Da sinistra Barbara Locci e il piccolo Natalino Mele in una foto dell'epoca

Questa rivelazione apre molte domande ancora irrisolte: chi e perché risparmiò quel bambino quella notte? Come fece Natalino, completamente ignaro di quanto accaduto e senza alcun ricordo, ad arrivare a una casa a diversi chilometri di distanza, lungo una strada di campagna buia e ciottolosa? E soprattutto, cosa significa la sparizione della pistola utilizzata nel ’68 — arma mai ritrovata — che poi tornò protagonista tra il 1974 e il 1985, nelle uccisioni di altre sette coppie?

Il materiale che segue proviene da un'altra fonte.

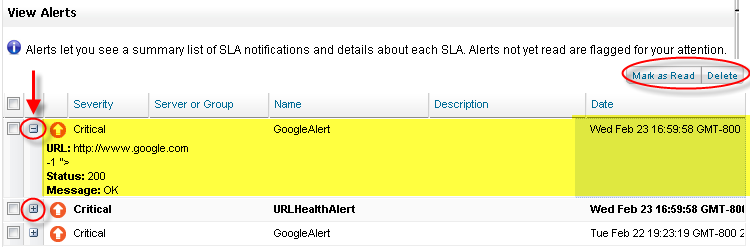 view alerts details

Il Tirreno, con una intervista a Natalino Mele, analizza i risvolti della vicenda interpellando direttamente quel bambino, oggi 64enne, che da poco ha scoperto questa verità sconvolgente. Racconta di aver appreso del suo vero padre tramite la procura, "Mi ha sconvolto. Io credevo di chiamarmi Mele, sono rimasto shockato" ammette al quotidiano. Il suo ricordo di quella notte è assente: "Non ho alcun ricordo, nessuna immagine, nessun rumore, niente di niente, sennò l’avrei raccontato".

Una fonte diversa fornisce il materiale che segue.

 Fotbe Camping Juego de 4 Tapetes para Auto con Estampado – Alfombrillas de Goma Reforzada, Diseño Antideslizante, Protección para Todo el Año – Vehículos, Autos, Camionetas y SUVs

Nonostante l’allontanamento, sia la famiglia Mele che quella Vinci rifiutarono di tenerlo con sé dopo il duplice omicidio, e lui fu portato in orfanotrofio. Ricorda con lucidità quel rapporto di separazione: "Ero troppo piccolo, so solo che le vicende di quella notte ancora mi perseguitano. Ora vorrei solo un po’ di tranquillità, ho sofferto tanto e porto ancora le ferite" afferma. Dopo un’infanzia e adolescenza trascorse in collegio e il servizio militare a Capo Teulada, ora vive a Firenze in condizioni difficili. Confessa il suo sogno più grande: "Vorrei tornare in Sardegna".

Antonio Lo Bianco

Nel rapporto con Stefano Mele, l’uomo arrestato per l’omicidio di sua madre e del suo amante, Natalino ha ricordi contrastanti. Lo descrive come "taciturno, parlava pochissimo, ci si abbracciava però. Gli volevo bene, perché ovviamente per me era mio padre, fino almeno a una settimana fa". Tuttavia, non hanno mai affrontato insieme il trauma di quella notte: "Di quella notte però, non abbiamo mai parlato. Io non ho mai domandato".

Sulle tombe dei suoi genitori e il contatto con gli altri protagonisti della vicenda, la sua voce è ferma e delusa: "Non so proprio dove sia la tomba di mia madre, non me l’hanno mai detto. Anzi, voglio fare un appello, ditemi dove è sepolta mia madre". E a chi gli chiede se qualcuno coinvolto nel caso abbia mai tentato di contattarlo, risponde con chiarezza: "Assolutamente no". Infine, precisa di non essersi mai espresso su molte delle supposizioni diffuse in rete: "Molte cose che si trovano sul web io non le ho mai dette".